= Apasiacans =

Ancient Scythian tribe

The Apasiacae or Apasiacans (Ἀπασιάχαι) were a nomadic tribe belonging to the Scythian Massagetae. They are known only from Greek and Roman sources, and are unattested in surviving Iranian texts. Ancient authors place them in Central Asia, between the Oxus and the Tanais, generally understood in this context as the Jaxartes.

== Etymology ==
The etymology of the tribal name remains uncertain. Earlier proposals deriving the name from the Iranian Āpa-sakā (“Water Sakas”) and Āpa-šyā-ka- have been rejected by modern scholarship on linguistic grounds.

== Classification ==
Stephanus of Byzantium described the Apasiacans as a Massagetae people. Various scholars have proposed identifying them with the Paesici, Pestici, or Pasikai mentioned by Pliny the Elder, Pomponius Mela, and Ptolemy, respectively, but these identifications remain conjectural.

== History ==
Polybius describes the Apasiacans in connection with the campaigns of Antiochus III, preserving traditions about how they crossed the Oxus into Hyrcania with their horses.
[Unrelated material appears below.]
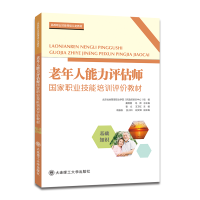 �����������u���������I(y��)������Ӗ(x��n)�u�r�̲�,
He records two explanations: one involving difficult crossings through steep river valleys, and another describing subterranean channels beneath the river that allegedly allowed mounted passage. Modern scholars generally regard the latter account as legendary.
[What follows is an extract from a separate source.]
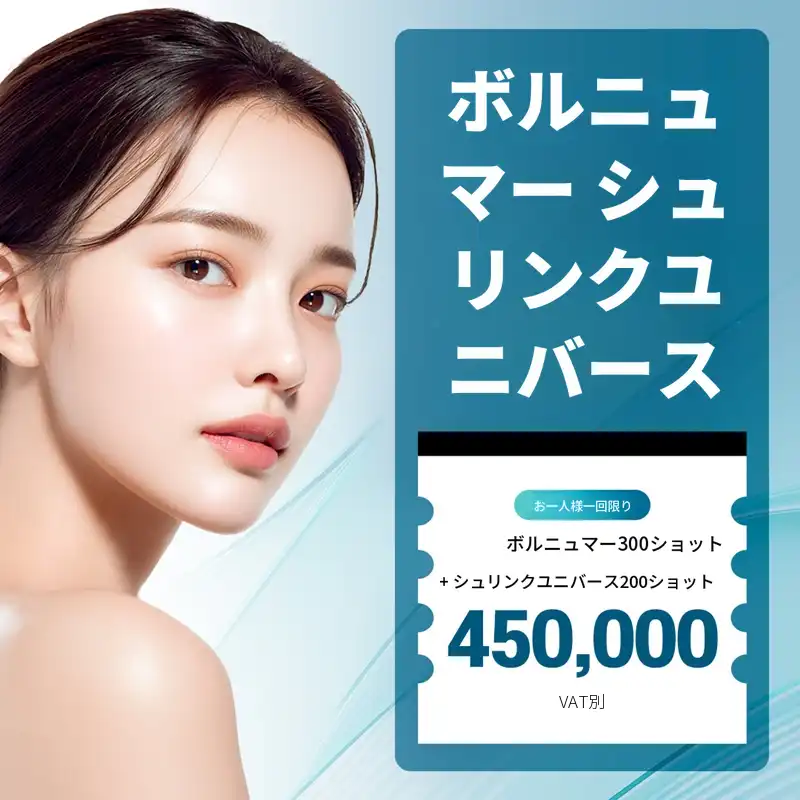 スウォン ボリューマー＆シュリンクユニバースパッケージ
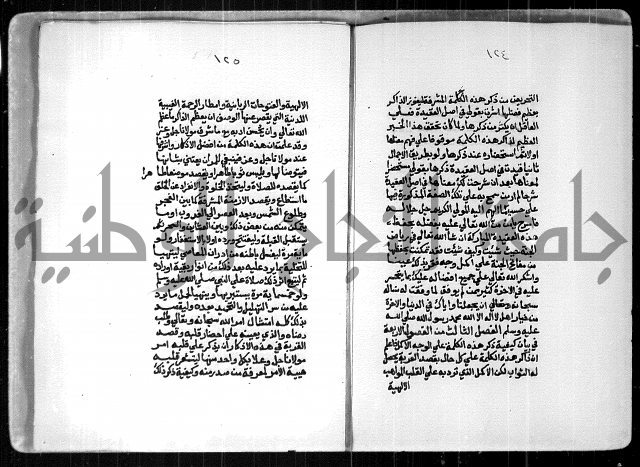 شرح السنوسي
According to Strabo, after the Seleucid campaign against Parthia in the late 3rd century BC, Arsaces I took refuge amongst the Apasiacans, following the Seleucid counteroffensive. Some scholars have suggested that the Attasioi mentioned in connection with Spitamenes’ resistance to Alexander the Great represent the same people under a corrupted name, although this identification remains uncertain.